*Task statement*: Within the records that follow, restate exactly the lines from the line with "Blender ESSENTIELB EBN2 portable sans fil" down to the line with "(Image 59). Natural", including both. Omit the pictures.

*Input*:
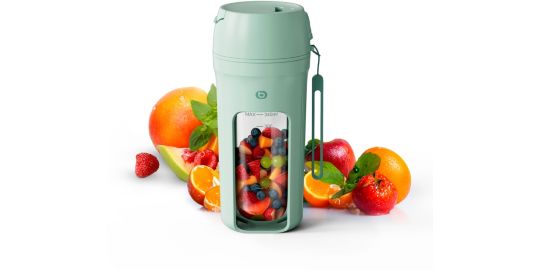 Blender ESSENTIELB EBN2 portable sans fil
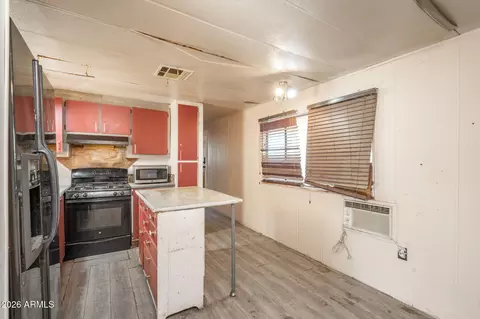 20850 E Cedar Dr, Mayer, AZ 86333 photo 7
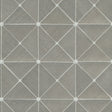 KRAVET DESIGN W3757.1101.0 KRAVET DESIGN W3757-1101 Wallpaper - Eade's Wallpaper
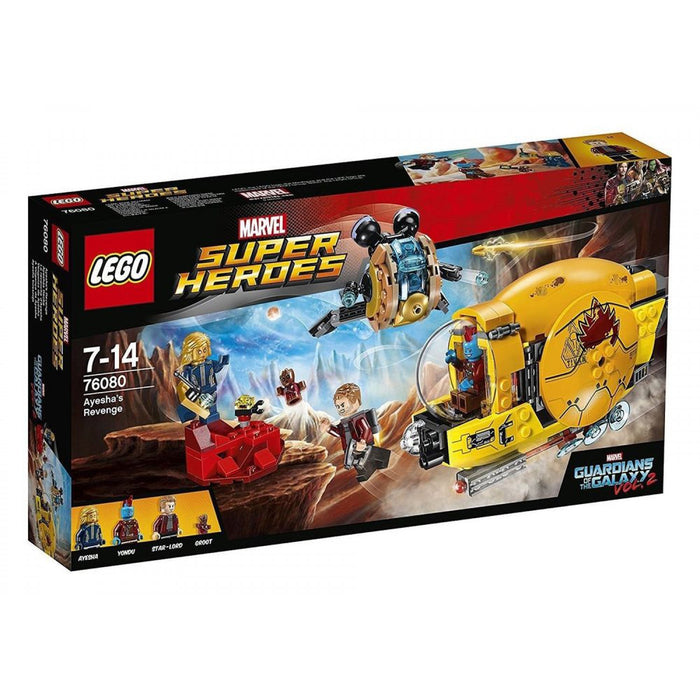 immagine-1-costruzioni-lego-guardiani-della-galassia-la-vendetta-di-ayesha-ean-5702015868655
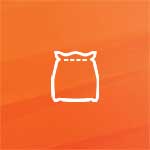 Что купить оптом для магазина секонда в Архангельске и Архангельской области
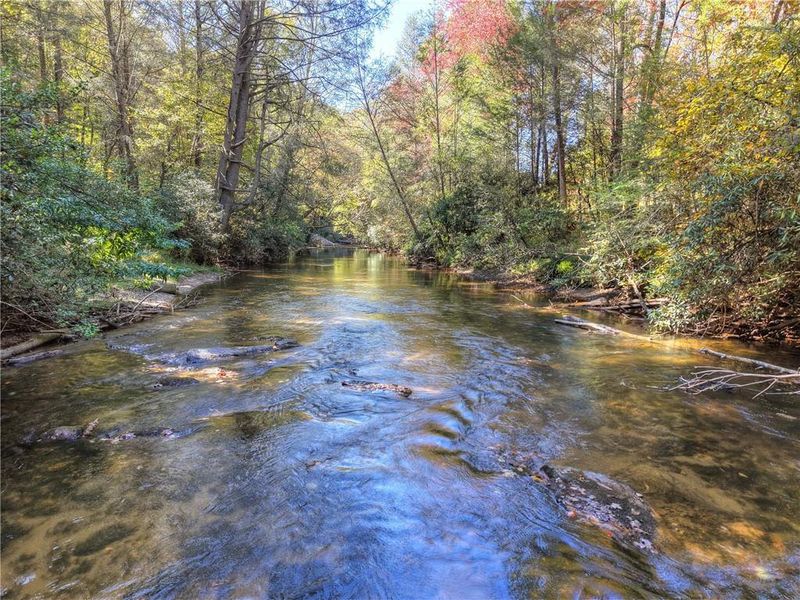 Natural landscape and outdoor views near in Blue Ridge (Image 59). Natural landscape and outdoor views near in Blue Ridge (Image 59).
---
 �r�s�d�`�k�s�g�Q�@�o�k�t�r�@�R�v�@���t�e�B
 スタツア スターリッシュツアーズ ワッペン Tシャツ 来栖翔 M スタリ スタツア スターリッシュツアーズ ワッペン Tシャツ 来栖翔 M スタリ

*Reply*:
 Blender ESSENTIELB EBN2 portable sans fil
 20850 E Cedar Dr, Mayer, AZ 86333 photo 7
 KRAVET DESIGN W3757.1101.0 KRAVET DESIGN W3757-1101 Wallpaper - Eade's Wallpaper
 immagine-1-costruzioni-lego-guardiani-della-galassia-la-vendetta-di-ayesha-ean-5702015868655
 Что купить оптом для магазина секонда в Архангельске и Архангельской области
 Natural landscape and outdoor views near in Blue Ridge (Image 59). Natural landscape and outdoor views near in Blue Ridge (Image 59).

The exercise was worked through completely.